Learned counsel for the petitioners explained that the Meos did not allow the petitioners to get their names recorded as cultivators, because they were more powerful, but nevertheless they did occupy the land 40 years ago, and continuously cultivated the same. That was the finding of the Tehsildar in his report of 18-4-1950.

The cases relied upon by the learned Deputy Government Advocate were the following: 1. Mohammed Sultan v. Deputy Custodian of Evacuea Property Writ Petn. No. 59 of 1032 (Raj) (A), This was a judgment which was delivered by this very Bench. The fact as to whether the petitioner was the tenant of any evacuee or was the tenant of a person who was not an evacuee was in dispute. The case of Mirza Mohammed Sultan was that the property was not evacuee property.

The Assistant Custodian had Jurisdiction to decide that question, and in the circumstances the Court declined to interfere because the petitioner had a remedy by way of appeal or revision. 2. Bhanu Pratap v. State of Rajasthan, Writ Petn. No. 149 of 1953 (Raj) (B). In that case the facts were not undismited while the petitioner contended having reclaimed certain land in accordance with the law in force in Kotah, the lower court was of opinion that the petitioner had not acted bona fide in occupying the land, as he was aware that an application had been filed by others for permission to cultivate the same. The facts were not undisputed and the reasoning of the decision was,

'In cases where facts, which form the basis of legal rights of a petitioner, are disputed so asto make it necessary to hold a long inquiry, and where the petitioner can get them adjudicated in a suit, it is not proper to grant relief in proceedings under Article 226 of the Constitution'.

In the present case the facts are not disputed. The petitioners have proved their facts by certified copies of the Government record, and, therefore, Bhanu Pratap's case (B) has no application. 3. The next case relied upon is Mangu Singh v. State of Rajasthan. Writ Case No. 108 of 1951 (Raj) (C). The reasoning of the decision was

'Prom these allegations and counter-allegations it is clear that the dispute between the parties is of a civil nature, which can be adjudicated upon in a civil court'.

Under these circumstances the Court was not prepared to pass any order on the petition before it, as the applicants had another remedy open to them. The dispute in the present case is not of a civil nature at all. It is not a case of trespass pure and simple, but of dispossession under colour of authority to pass the order.

4. The last case relied upon is Zormal v.
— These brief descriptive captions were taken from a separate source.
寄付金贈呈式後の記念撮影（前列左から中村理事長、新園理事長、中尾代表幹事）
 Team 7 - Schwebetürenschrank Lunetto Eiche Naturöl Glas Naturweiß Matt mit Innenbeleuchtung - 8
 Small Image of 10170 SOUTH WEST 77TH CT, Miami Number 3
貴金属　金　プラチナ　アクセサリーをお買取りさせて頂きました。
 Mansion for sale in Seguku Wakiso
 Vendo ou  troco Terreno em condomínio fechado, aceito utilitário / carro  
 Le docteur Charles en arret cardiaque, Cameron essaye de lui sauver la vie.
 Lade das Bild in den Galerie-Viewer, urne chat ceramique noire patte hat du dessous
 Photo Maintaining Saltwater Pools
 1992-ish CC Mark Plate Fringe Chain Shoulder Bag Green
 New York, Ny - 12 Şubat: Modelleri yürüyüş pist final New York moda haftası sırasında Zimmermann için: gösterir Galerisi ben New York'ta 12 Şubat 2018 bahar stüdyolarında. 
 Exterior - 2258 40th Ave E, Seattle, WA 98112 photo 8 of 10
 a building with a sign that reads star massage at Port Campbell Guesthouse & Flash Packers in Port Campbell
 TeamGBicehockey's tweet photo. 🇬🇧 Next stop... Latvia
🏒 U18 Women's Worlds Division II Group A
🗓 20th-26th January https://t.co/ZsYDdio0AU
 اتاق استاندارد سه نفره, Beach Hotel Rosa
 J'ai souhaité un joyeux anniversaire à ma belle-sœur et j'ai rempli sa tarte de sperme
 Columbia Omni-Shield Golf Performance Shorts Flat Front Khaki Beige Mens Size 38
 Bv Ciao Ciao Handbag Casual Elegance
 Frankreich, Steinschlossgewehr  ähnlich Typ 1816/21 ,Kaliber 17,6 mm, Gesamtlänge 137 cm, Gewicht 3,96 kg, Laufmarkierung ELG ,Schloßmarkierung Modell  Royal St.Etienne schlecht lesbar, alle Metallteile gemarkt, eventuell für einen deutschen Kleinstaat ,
State of Rajasthan, Writ Appln. No. 81 of 1951 (Raj) (D). In that case while the order passed by the Government could not be upheld, the Court declined to interfere because the petitioners were unable to show that they had any right whatsoever to remain in possession, after they had been dispossessed.

That case again is distinguishable, for as held above, the petitioners were clearly entitled to remain in possession as tenants of the land, which tenancy rights had not been extinguished. Tenancy rights are valuable lights and not merely temporary rights which may come to an end on the expiry of a particular period, but on the other hand sometimes become more and more firm as time passes, for the various legislations undertaken and in contemplation are directed towards amelioration of the conditions of the tenants and to safeguard the security of the tenure.

In our opinion, this Court has ample jurisdiction to redress a wrong which had been perpetrated illegally and mala fide by an officer of the Government under colour of law. The second remedy of approaching the Custodian General, was as aforesaid, not pleaded by the respondents and after the lapse of 3 years would, at any rate, neither be speedy nor convenient besides being probably beyond the means of the petitioners.

15. The petition is, therefore, allowed, the order of the Deputy Director of Rehabilitation dated 28-3-1952, cancelling the tenancy rights of the petitioners, and the subsequent order dated 19-7-1952, allotting the same land to the Meo-respondents is set aside.

18. The petitioners will get their costs from the State.